Commenti (8) a «Lettera aperta al Prof. Pellegrino Capaldo»

  1. utente anonimo ha detto:

    Inoltre, alcuni quesiti sorgono spontanei:

    1. tassa sugli immobili perché si è scelto di paragonare il debito pubblico al patrimonio immobiliare del paese, ma perché gli immobili?

    2. le prime case? Tassiamo le prime case che non sono un reddito ma una spesa nel bilancio familiare? E naturalmente gli immobili societari, essendo strumento, risulterà esente, immagino…

    3. ma una seria lotta all'evasione no? Secondo me si azzererebbe il deficit…

    V.

    PS: c'è qualche refuso:

    "Ho letto quanto a scritto con" -> "Ho letto quanto ha scritto con"

    "risultato di un sistema corrotto e disonesto delle risorse pubbliche" -> "risultato di un sistema corrotto e disonesto di gestione delle risorse pubbliche"

    "consulenza al comiuge o a un parente stretto" -> "consulenza al coniuge o a un parente stretto"

    Ovviamente dopo la revisione del post puoi eliminare questo PS.

  2. Dario de Judicibus ha detto:

    @V. Grazie per le correzioni. Concordo con i tuoi commenti al 100%.

  3. utente anonimo ha detto:

    Ben detto! Leonardo Facco

  4. utente anonimo ha detto:

    Bisogna ammettere che quello che i professori Capaldo e Giulano Amato  dicono e scrivono  supera di molto la mia fantasia. In pratica dopo decenni   che sono pagati  per fare danni  ,adesso  ci dicono che quasi  quasi la colpa e' nostra ,normali cittadini, e dobbiamo pagare i debiti.

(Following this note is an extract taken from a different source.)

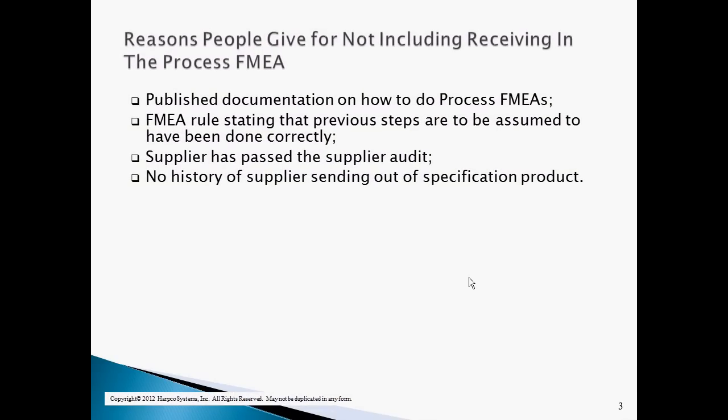There are four typical reasons people give for not including receiving in the process FMEA. The first is that published documentation, generally accepted as standards, says not to include receiving. The second is a FMEA rule stating that when you perform a process FMEA, you are to assume all steps prior to the one you are working on have been done correctly. The third is that suppliers have passed a supplier audit or PPAP. The fourth is that there is no history of the supplier sending out-of-spec product.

    Io accetto la sfida e risponderi ,va bene i cittadini  pagano non il 25 % del debito  il 100% del debito in 3 anni  a condizione che tutti  i politici in carica e il loro predecessori e il loro famigliari  siano interdetti  dagli uffici a vita.

    Azzeriamo tutti i partiti  incluso  uffici ,immobili  ( tanto come dicono loro  se i debiti sono nostri  anche gli assets lo saranno). Ricominciamo  con un massimo di 100, 150  parlamentari  senza partito ,persone serie che vadano casa per casa a guadagnarsi il voto  con un turno solo di legislatura.

    In quasto caso  mi assumo  non solo la mia parte di debito  anche quella di qualcun altro

  5. Dario de Judicibus ha detto:

    @anonimo #4   Bella proposta… da rifinire un tantinello ma si potrebbe davvero buttar giù in modo serio: una sorta di patto sociale, ovvero, noi azzeriamo il debito e l'intero comparto dell apolitica viene azzerato, compresi i pertiti e tutti i loro beni… mi piace.

  6. utente anonimo ha detto:

    Non male… 🙂

    V.

  7. utente anonimo ha detto:

    OK, i politi ci li incastriamo alle loro responsabilità cosi', ma i grandi poteri che giocano sulla pelle dei comuni mortali chiamandoli anche "parco buoi" come contribuiscono?

  8. Dario de Judicibus ha detto:

    Beh, molti di quei poteri, senza referenti politici, non funzionano. pensa solo alle lobby: sono strapotenti ma le leggi le devono comunque proporre dei parlamentari. Se la politica si ripulisce, non dico che il Paese cambia completamente, ma siamo sulla buona strada.